TV, LAN, & intercom over one cable

The buildings on this property have shared a single MATV system installed several years ago.  This consists of two long RG11 drops and sundry splitters, taps, and amplifiers.  Over the years, the system structure has changed several times.  For many years before DTV conversion, music and security camera feeds were inserted into the network with modulators.  Slowly, the modulators and processors were removed and all that remained was a simple antenna distribution system.

Property & Drop Map

The off-air TV/FM signal isn't the only thing shared between the buildings in the diagram.  While the antenna is distributed from building A, the WAN connection is at building B.  For years, building A has been linked to the computer network over wifi with the aid of directional antennas.  Furthermore, buildings B and C share a voice intercom I'd discussed in a previous post.  This intercom was realized using a parallel drop of twisted pair cable.  The recent goals were to extend the computer network to point C and to replace the deteriorated UTP cable used by the intercom.

Network schematic between buildings B and C

While the wireless bridge to A works well enough, reaching C via wifi is difficult.  There is restricted line of sight and the obstacles in the signal path are all large metal structures.  While the 500' link can be established with makeshift waveguide antennas, I opted to try running it over the coaxial cable instead.  While I'm sure there are legitimate solutions for running ethernet over coax, the products I saw were either too expensive or appeared to be misrepresented Thinnet adapters.

 

Like usual, I used a low-cost and low-risk approach.  Parts should be inexpensive, common, and should have some secondary utility should plans change.  Using two ASUS RT-N12/D1 router/repeater/AP devices, a 802.11g/n link was made over the coax.  Satellite diplexers are used to combine/split the 2.4GHz signal from the MATV signal.  I made a simple adapter to connect the RP-SMA antenna port on the AP to the 75 ohm network.  The adapter serves to adapt the dissimilar connectors, but it also uses a simple L-pad impedance matching network and a single capacitor as a DC block.  The odd resistor values shown in the schematic are a product of convenience given my limited stock of SMD resistors.  Simply put, 100R || 1K = 91R; 75R || 100R = 43R. I gutted some old CATV channel traps to use as enclosures.  The RG316 cables with RP-SMA connector were stripped from old equipment.  Signal strength at C is about -57dBm, which is about on par with what can be expected of the drop.  The free antenna on the access point at B provides extended coverage to the shop and outdoor area.  The free antenna on the access point at C provides wireless coverage for any mobile devices in the area. 

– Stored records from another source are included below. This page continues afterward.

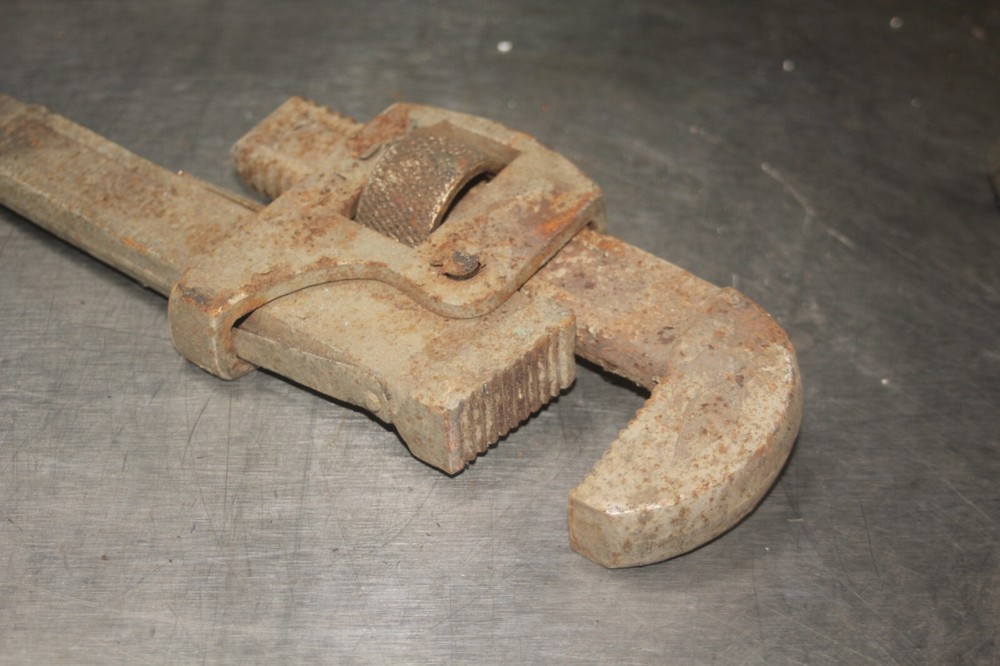 Vintage 24" Walworth Pipe Wrench
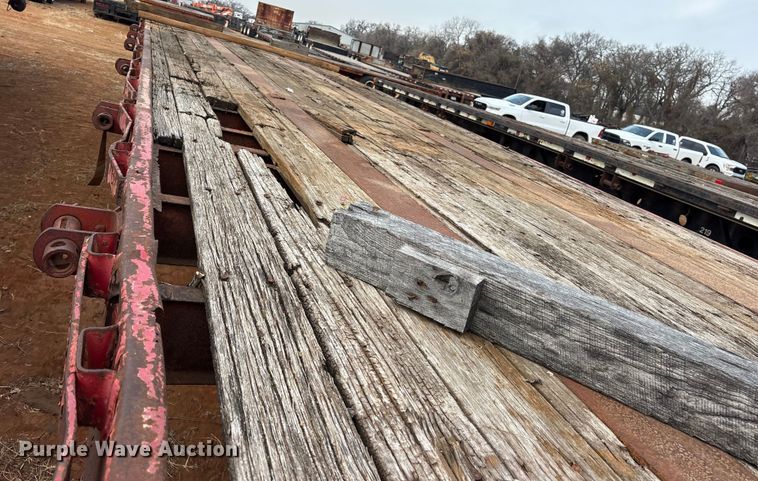 image for item EE0088 1980 Nabors flatbed trailer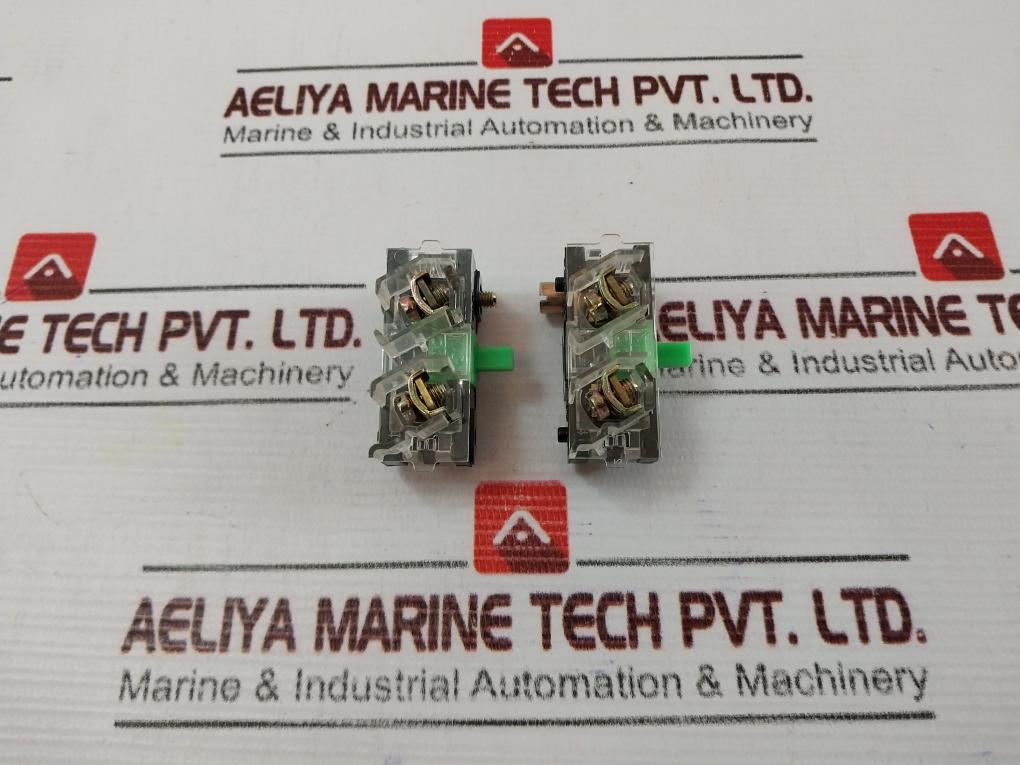 Lot Of 7X Ge Cr104P Contact Block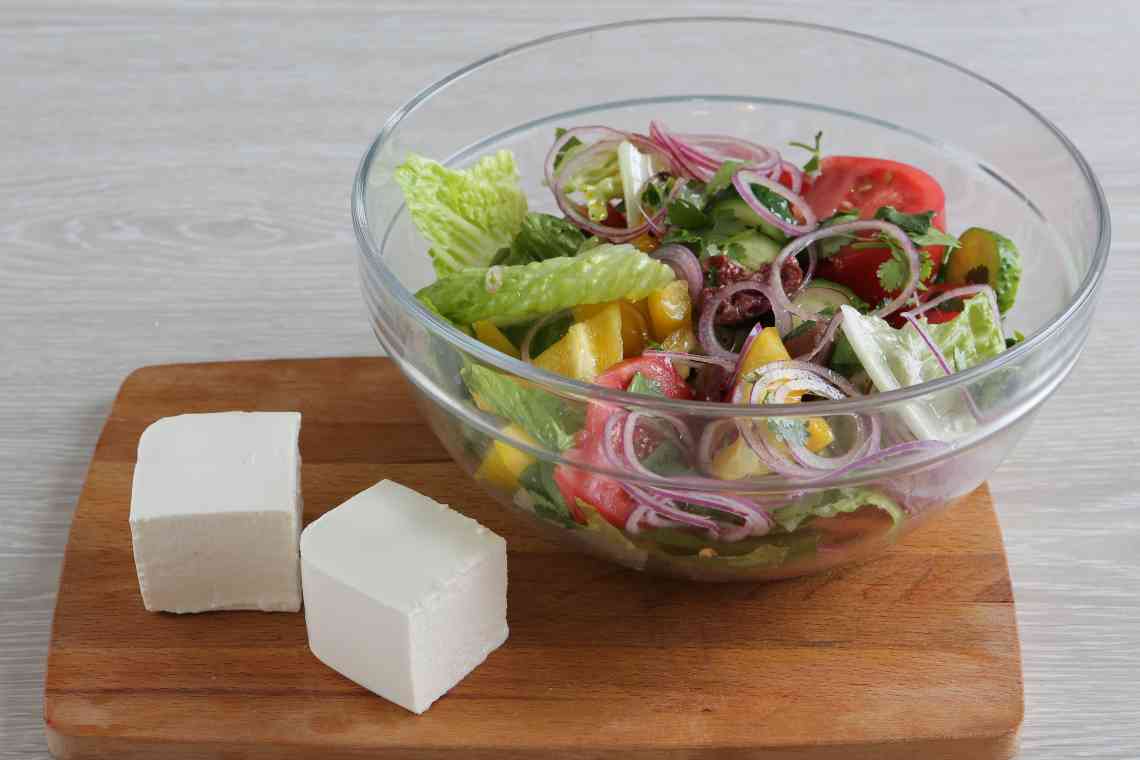 Які найсмачніші заправки для овочевих салатів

Inner strand damage caused by jacket cracking in UTP cable

The UTP drop used by the intercom was originally a bundle of scrap indoor cable pulled from a PBX somewhere.  It was never expected to last outdoors for as long as it did.  Eventually, the jacket deteriorated and the cable would become waterlogged.  Due to the way the intercom is arranged, shunt conductance in the line does more than attenuate the voice signal; it causes the intercom to ring incessantly when on-hook.  Numerous modifications were made to the previously detailed intercom in order to make it robust against these faults, but ultimately it's difficult to work with a line that has roughly 1 ohm shunt resistance when it rains

The voice intercom project followed a similar course.  Two power inserters were used as diplexers to couple the voice and DC from the intercom.  Again, as a matter of physical and electrical interfacing, I made a pair of low-pass filters with screw terminals to attach to the indoor portion of the intercom network.  I felt that adding the LPF was prudent, as the DC path of the power inserters has a cutoff frequency of a few MHz.  I didn't want stray RF interfering with anything.  The LPF knee is set at about 20kHz, but in reality, it doesn't really matter so long as it encompasses the ~3.5kHz voice band allowed by the old telephone hardware.  There are versions of these power inserters with additional DC port LPF filtering, but I have no idea what the cutoff frequency actually is.  These may be an option and may avoid the need for external filters, but as with most things, if you're out to apply a product for an off-label use, you're going to have to perform some experiments. 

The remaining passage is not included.